Today, I am here to speak as the chairman of the Diocesan Advisory Committee for the Care of Churches in the diocese of London. From this position, I can reliably inform noble Lords that in the diocese of London bats are our friends because they do not, largely, like our church buildings and steer clear of them. I will also explain a little further about the importance of the English parish church in an urban, metropolitan context.

The diocese of London consists of 480 parish churches, each with its own defined parochial area. The diocese covers London north of the Thames from the M25 in the west as far as the River Lee in the east, including the heart of the East End, the City, the West End, Metroland and beyond. The rest of greater London is shared between the dioceses of Southwark, Rochester and Chelmsford. I need hardly remind noble Lords of the great diversity and stark contrasts to be found in these places, from the hardest pressed urban deprivation to the richest square mile in the world, with every inch of this area having its own parish church—whether it wants to use it or not. The best English parish churches do not conform to any defined standard imposed from above. They find their place among their local community and grow out of it, imaginatively tailoring their activities to the needs of their locality.

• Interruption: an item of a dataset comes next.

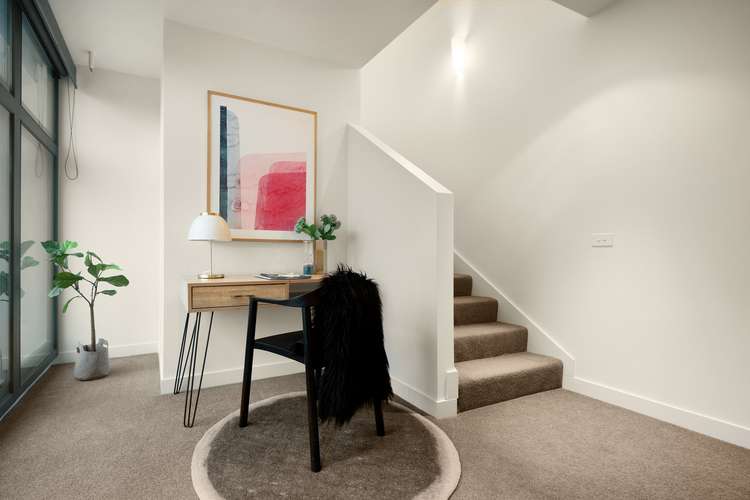Fifth view of Homely apartment listing, 225/140-142 Swan Street, Cremorne VIC 3121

My role in the diocese of London is to chair a learned body called the diocesan advisory committee, or DAC. DACs have been around since the 1920s and have a very specific remit in preserving, enhancing and promoting the importance of English parish churches. I count among my predecessors Ivor Bulmer-Thomas, Member of Parliament for Keighley and founder of the Friends of Friendless Churches, and Sir John Betjeman, already lyrically referred to by the noble Lord, Lord Griffiths of Burry Port, and whose writing on churches is among his most enduring.

Each of the 42 dioceses of the Church of England is required by law to have a DAC and the purposes and workings of each of those committees are equally clearly defined in legislation. The DAC provides advice on all aspects of managing church buildings. In London we see around 300 cases every year, from major extensions and restorations to minor re-orderings and making lavatories accessible. In this way the diocesan advisory committee is a key guardian of English parish churches, protecting their importance for future generations.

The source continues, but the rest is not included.